THE DATA
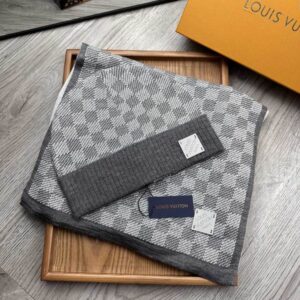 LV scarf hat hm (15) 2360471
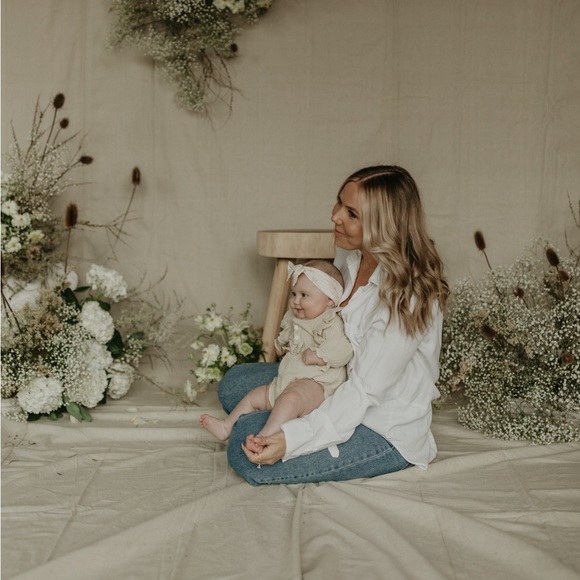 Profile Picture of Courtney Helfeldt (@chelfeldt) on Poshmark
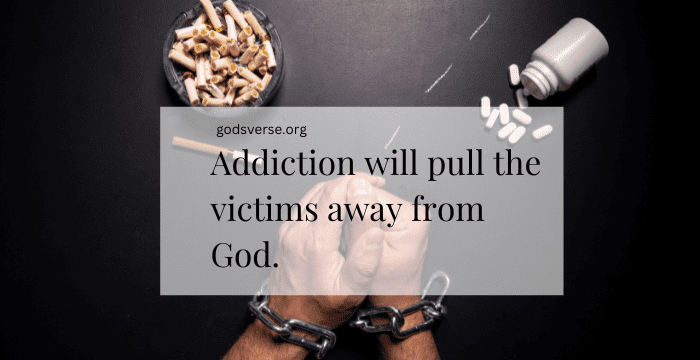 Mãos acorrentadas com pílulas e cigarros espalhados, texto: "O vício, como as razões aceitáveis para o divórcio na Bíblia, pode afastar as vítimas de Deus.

ACTIVITY
Repeat the listing verbatim without its pictures.

YOUR RESPONSE
 LV scarf hat hm (15) 2360471
 Profile Picture of Courtney Helfeldt (@chelfeldt) on Poshmark
 Mãos acorrentadas com pílulas e cigarros espalhados, texto: "O vício, como as razões aceitáveis para o divórcio na Bíblia, pode afastar as vítimas de Deus.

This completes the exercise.